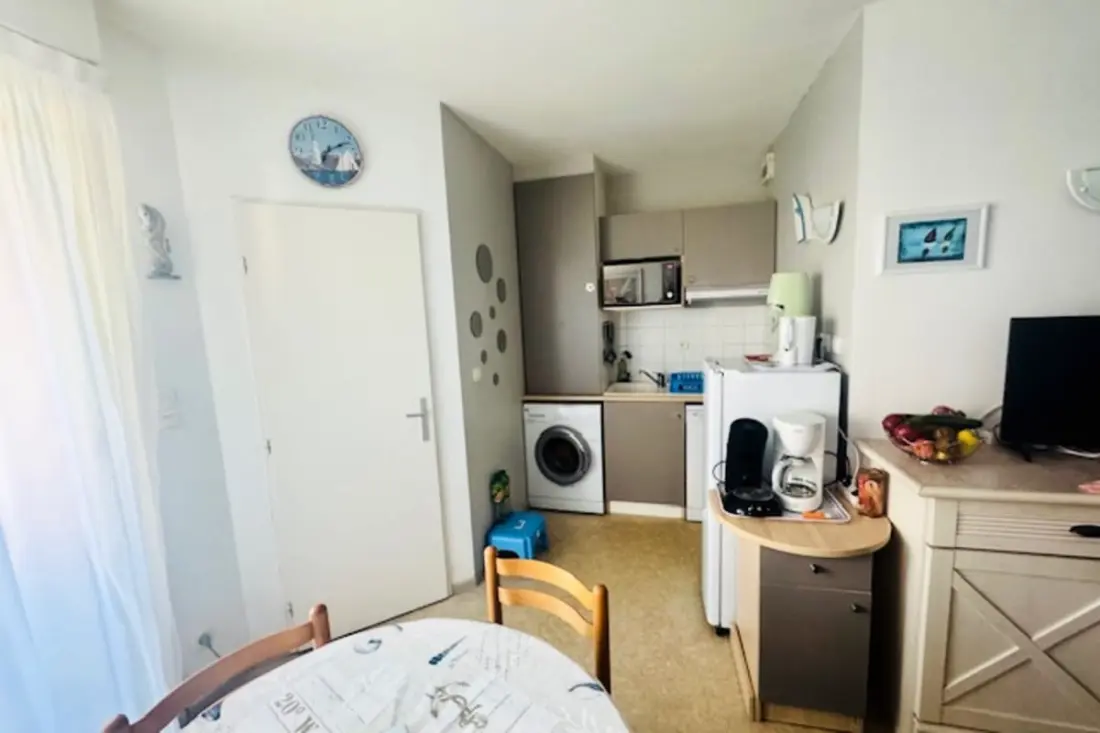 Quiet Apartman Terrace és Port View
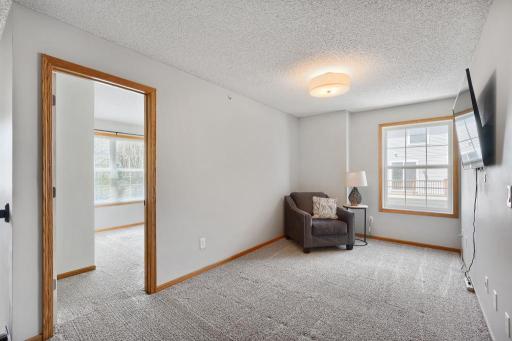 890 Braunworth Court, Chaska, MN 55318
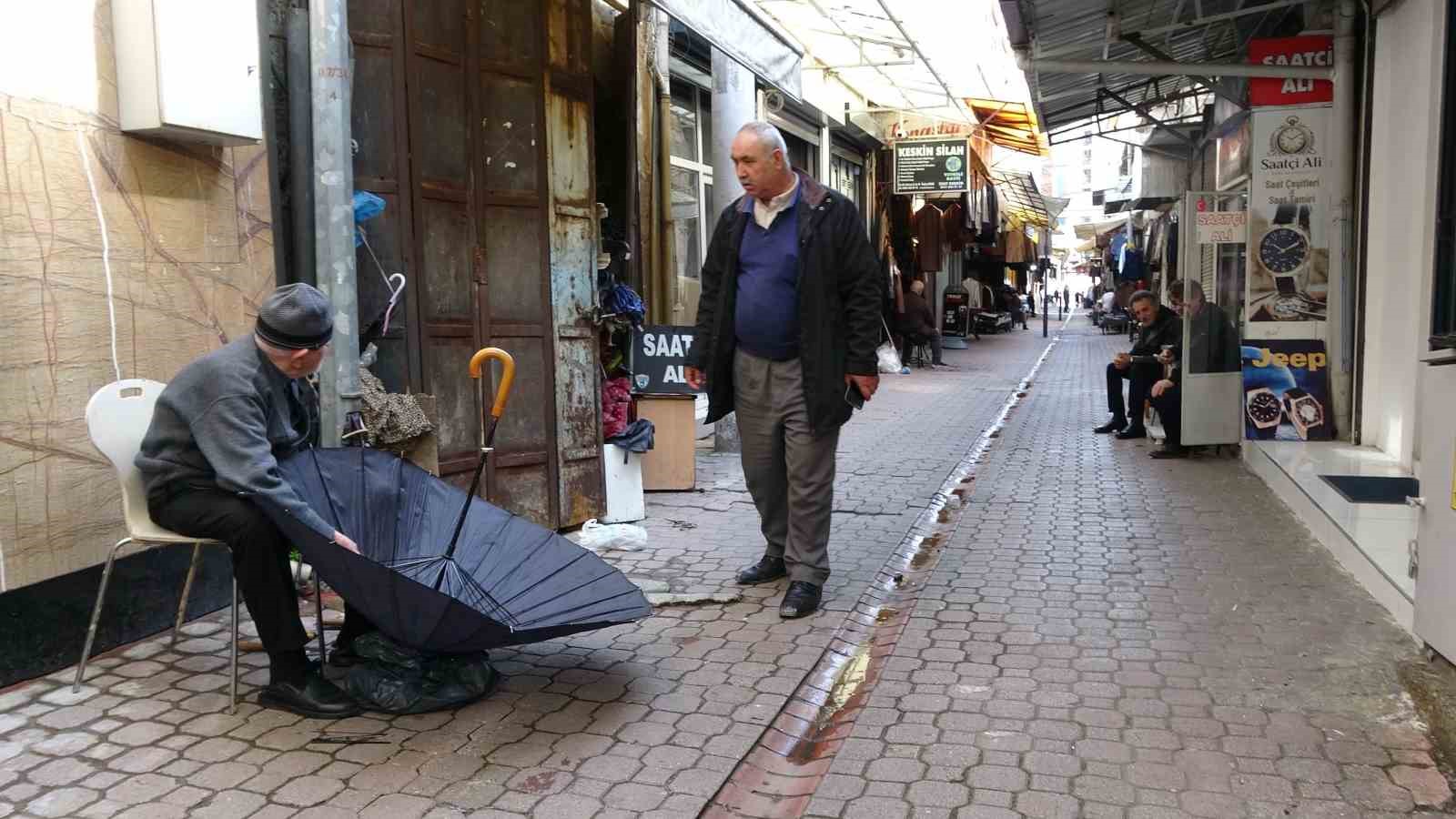 97 yıllık ömür, 70 yıllık ustalık: Şemsiyelere ikinci bahar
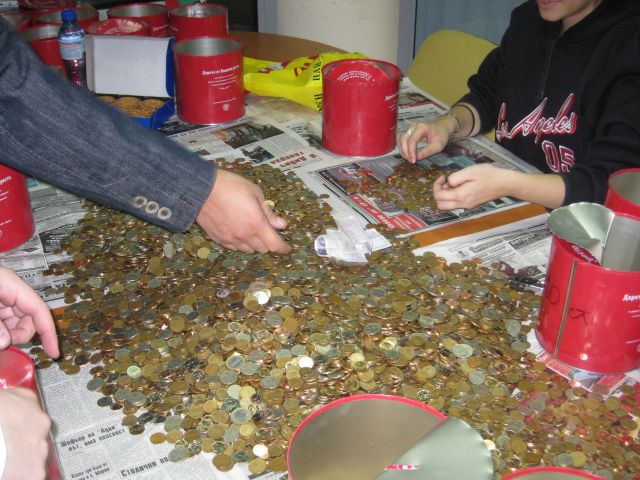 Касичките с жълтите стотинки бяха отворени в присъствието на нотариус Ася Асенова.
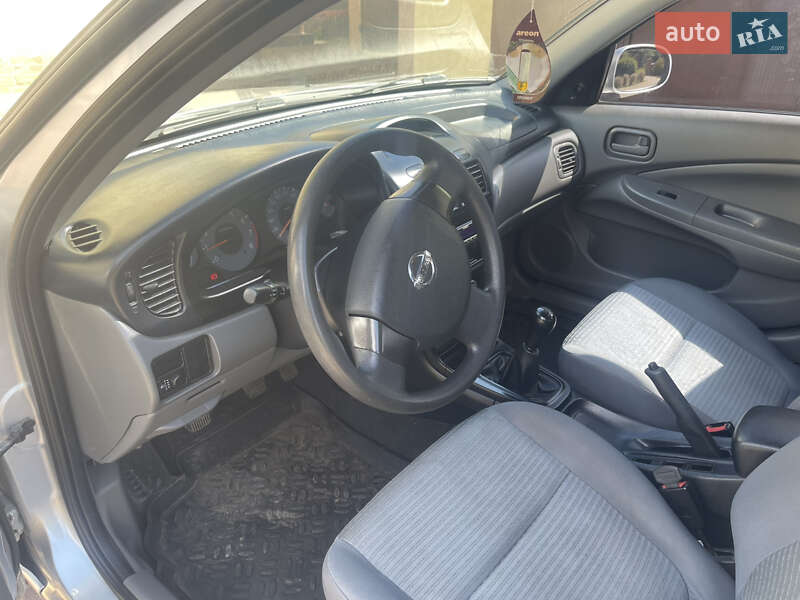 Седан Nissan Almera 2011 в Мене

Task goal: Once you reach the line containing "97 yıllık ömür, 70", print it and every line after it exactly, through the end of the entries, without any pictures.

Answer for this exercise:
 97 yıllık ömür, 70 yıllık ustalık: Şemsiyelere ikinci bahar
 Касичките с жълтите стотинки бяха отворени в присъствието на нотариус Ася Асенова.
 Седан Nissan Almera 2011 в Мене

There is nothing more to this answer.